▶ [What is needed]:
Please output exactly the lines from the one that holds "The maximum range" through the final line of the data, and nothing else; leave out any pictures.

▶ [Collected material]:

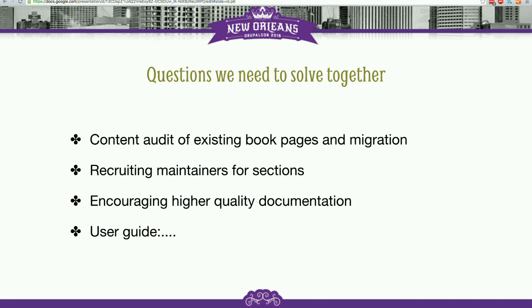We basically want to open up this discussion and see if you have ideas. Originally, we thought what we're going to do is invite everybody to the presentation, and then before it ends, we're going to lock the door and not let anybody out until they commit to maintaining one section of documentation. And that's still the plan.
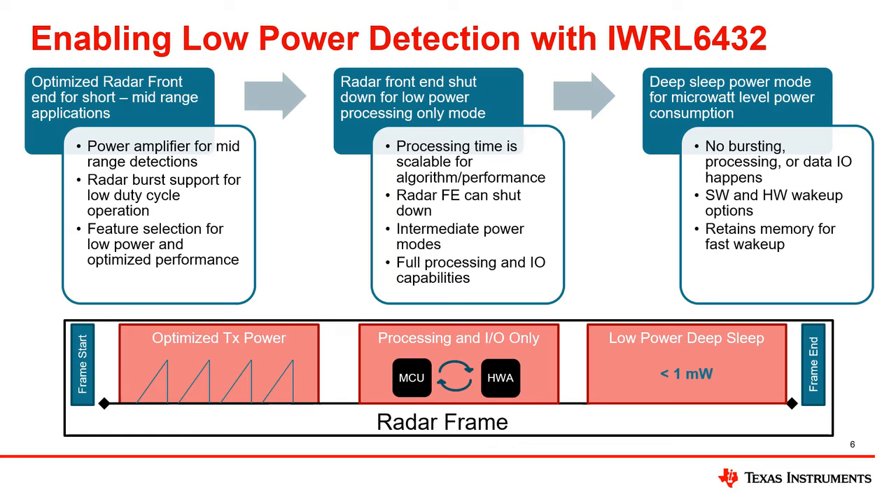The maximum range and TX output power was optimized for short to mid-range applications, allowing the radar front end and transmit features of the device to be scaled for low power. When the TX output or active time is over, the power amplifiers and radar front end can be powered down to allow only the processors, I/O, and memory to remain powered while the data is processed into the point cloud output.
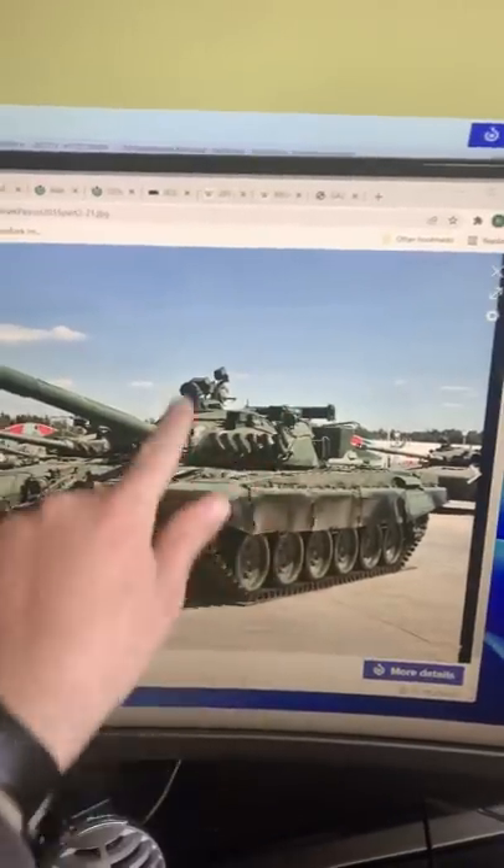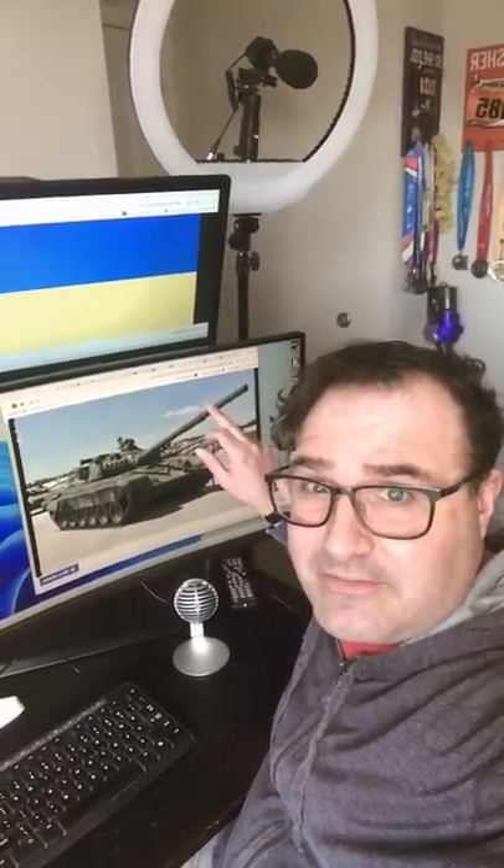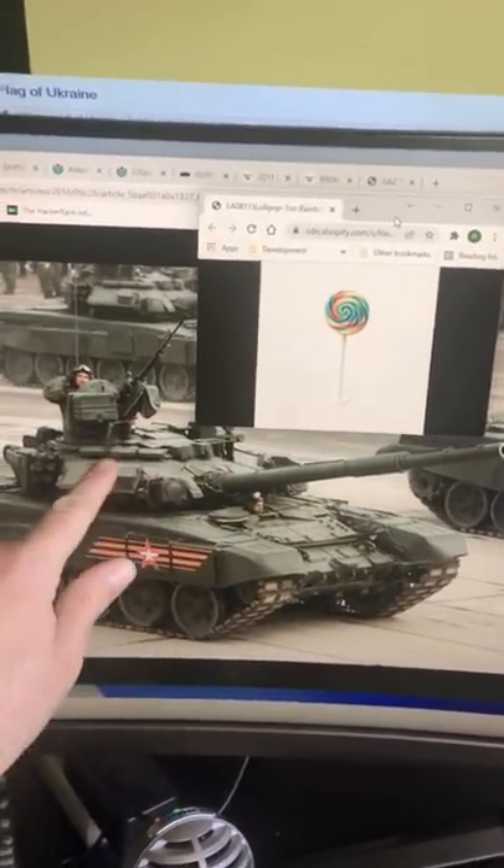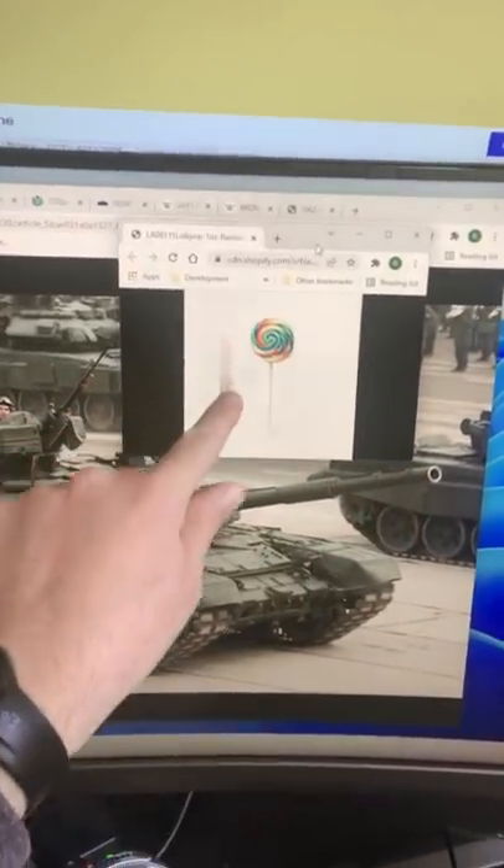This thing up here usually gives it away. It's called the turret, and it's usually what the gun sticks out of. The T-72 tanks that Russia's using in Ukraine have small turrets with a long barrel that kind of look like lollipops.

▶ [Solution]:
The maximum range and TX output power was optimized for short to mid-range applications, allowing the radar front end and transmit features of the device to be scaled for low power. When the TX output or active time is over, the power amplifiers and radar front end can be powered down to allow only the processors, I/O, and memory to remain powered while the data is processed into the point cloud output.
This thing up here usually gives it away. It's called the turret, and it's usually what the gun sticks out of. The T-72 tanks that Russia's using in Ukraine have small turrets with a long barrel that kind of look like lollipops.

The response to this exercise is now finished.